"flush" wal_pos reported in keepalive unless we have pending transactions

The server may generate WAL that doesn't correspond to a transaction commit, e.g.:

automatic checkpoints driven by checkpoint_timeout
transactions that roll back

Currently we only update our "flush lsn" when we see a COMMIT, so if enough of this non-committed-transaction activity occurs before we see a COMMIT, the server may run out of WAL space and crash. I believe this is the root cause of #68.

The server's regular keepalive messages are already informing us of the updated wal_pos resulting from this activity. So this commit makes us acknowledge it as "flushed" (even though we didn't actually do anything about it), provided that we aren't currently waiting for Kafka to acknowledge a transaction in flight (in which case acknowledging the subsequent activity would could result in us losing the transaction in flight, in case of a restart).

I've also tested the case where Bottled Water restarts before the transaction is committed, and it does pick up from the right point and capture the whole transaction.

In the process of debugging this I ran into a bug in the client's logic for keeping track of transactions in flight, where the client would acknowledge each commit twice (each time it processed a new COMMIT, it would first reprocess the COMMIT of the previous transaction). I think the bug was harmless, but it made the logic hard to reason about, since effectively it was processing records since "removed" from the circular buffer abstraction. Since this change allows keepalives during that interval to update the fsync_lsn, it would also trigger the "Commits not in WAL order!" warning each time a transaction came in.

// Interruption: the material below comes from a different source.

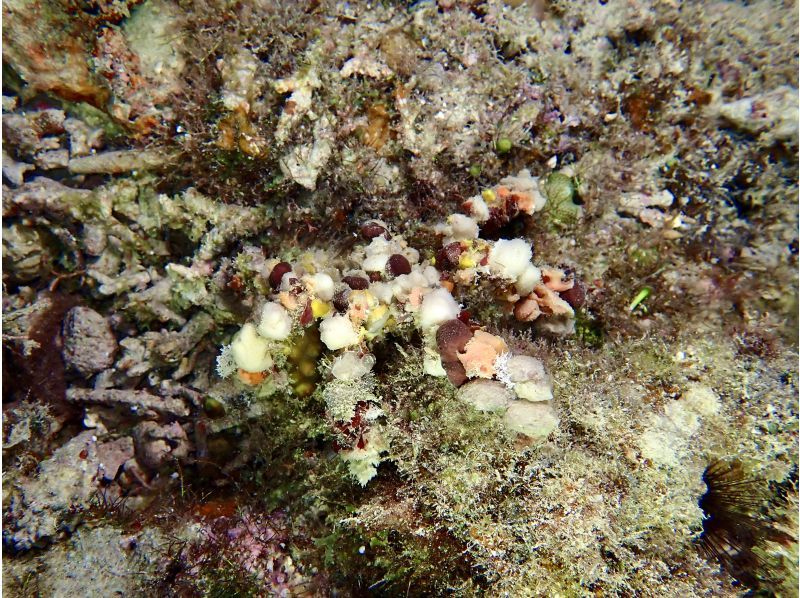 サンセット&ナイトダイビング【沖縄 恩納村】《送迎 可能》※送迎範囲あり★GoPro撮影データ無料プレゼントの紹介画像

To work around that, I also refactored the circular buffer of transactions to remove some special cases in the handling of the initial snapshot transaction and distinguish more clearly between the buffer being empty and full.

I initially planned to write automated tests for this behaviour by querying pg_replication_slots.restart_lsn; however, the very async nature of the communication made it difficult to make the tests pass without large (20 second) sleeps - Bottled Water only checkpoints every 10 seconds, Postgres only issues keepalives once per checkpoint_timeout, etc. So right now there is no additional test coverage. It passes the existing tests, though :)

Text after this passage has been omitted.